The approximation $f(x) = p(x) + \Delta$ is satisfied for all $x\in \mathcal{D}$ ($0\in \Delta$); n is the order (degree) of the polynomial $p(x)=\sum_{i=0}^n p_i (x - x_0)^i$.

TaylorModelN{N,T,S}

Taylor Models with absolute remainder for N independent variables.

bound_remainder(::Type{TaylorModel1}f::Function, polf::Taylor1, polfI::Taylor1, x0::Interval, I::Interval)

Bound the absolute remainder of the polynomial approximation of f given by the Taylor polynomial polf around x0 on the interval I. It requires the interval extension polfI of the polynomial that approximates f for the whole interval I, in order to compute the Lagrange remainder.

If polfI[end] has a definite sign, then it is monotonic in the intervals [I.lo, x0] and [x0.hi, I.hi], which is exploited; otherwise, it is used to compute the Lagrange remainder.
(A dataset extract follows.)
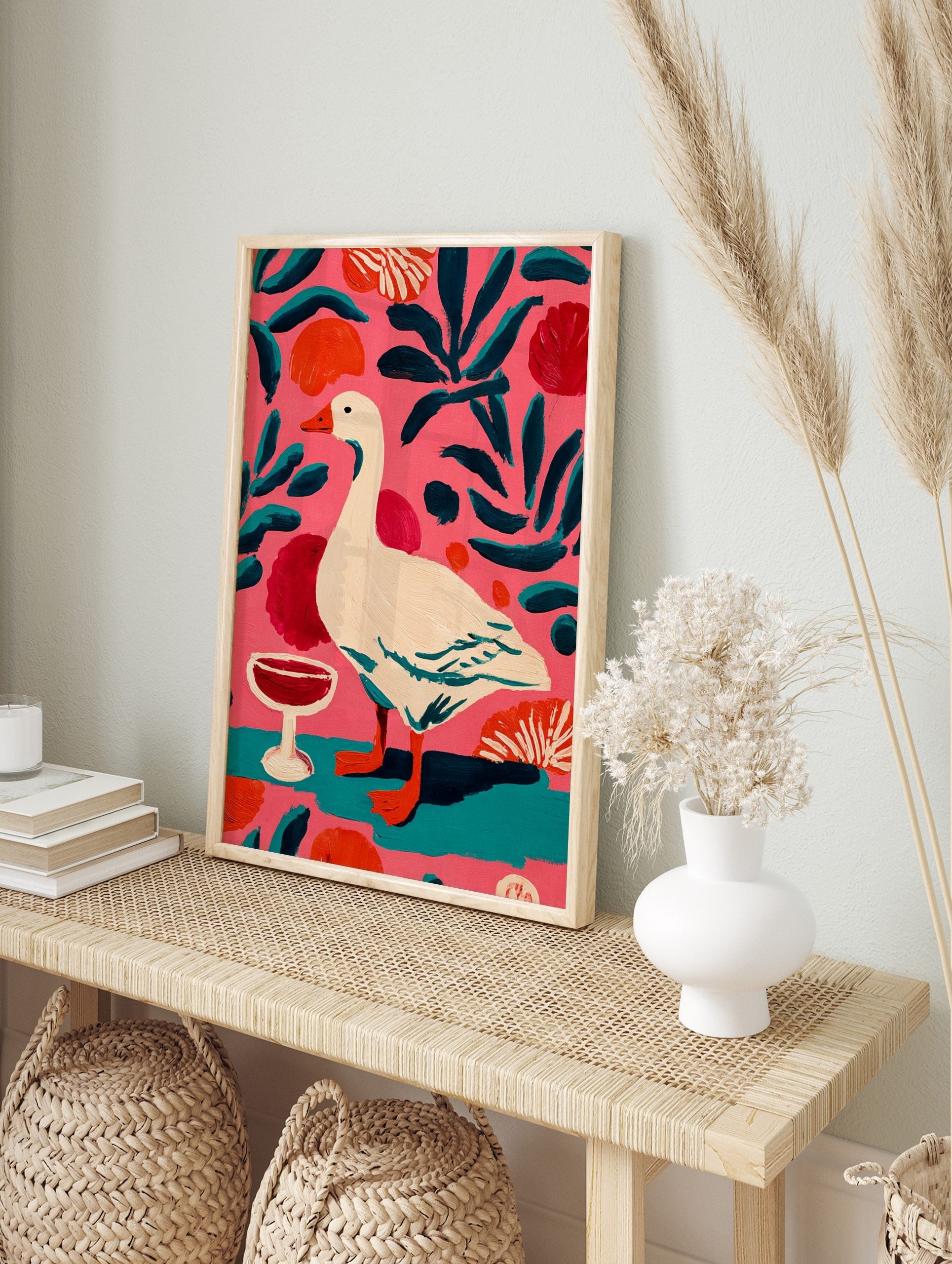 Illustrative painting of a white goose with orange beak, red wine glass, and teal leaves on a, in an alternate framed mockup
This corresponds to Prop 2.2.1 in Mioara Joldes PhD thesis (pp 52).

bound_remainder(::Type{RTaylorModel1}, f::Function, polf::Taylor1, polfI::Taylor1, x0::Interval, I::Interval)

Bound the relative remainder of the polynomial approximation of f given by the Taylor polynomial polf around x0 on the interval I. It requires an the interval extension polfI of a polynomial that approximates f for the whole interval I, in order to compute the Lagrange remainder.

If polfI[end] has a definite sign, then it is monotonic in the interval I, which is exploited; otherwise, the last coefficients bounds the relative remainder. This corresponds to Prop 2.3.7 in Mioara Joldes' PhD thesis (pp 67).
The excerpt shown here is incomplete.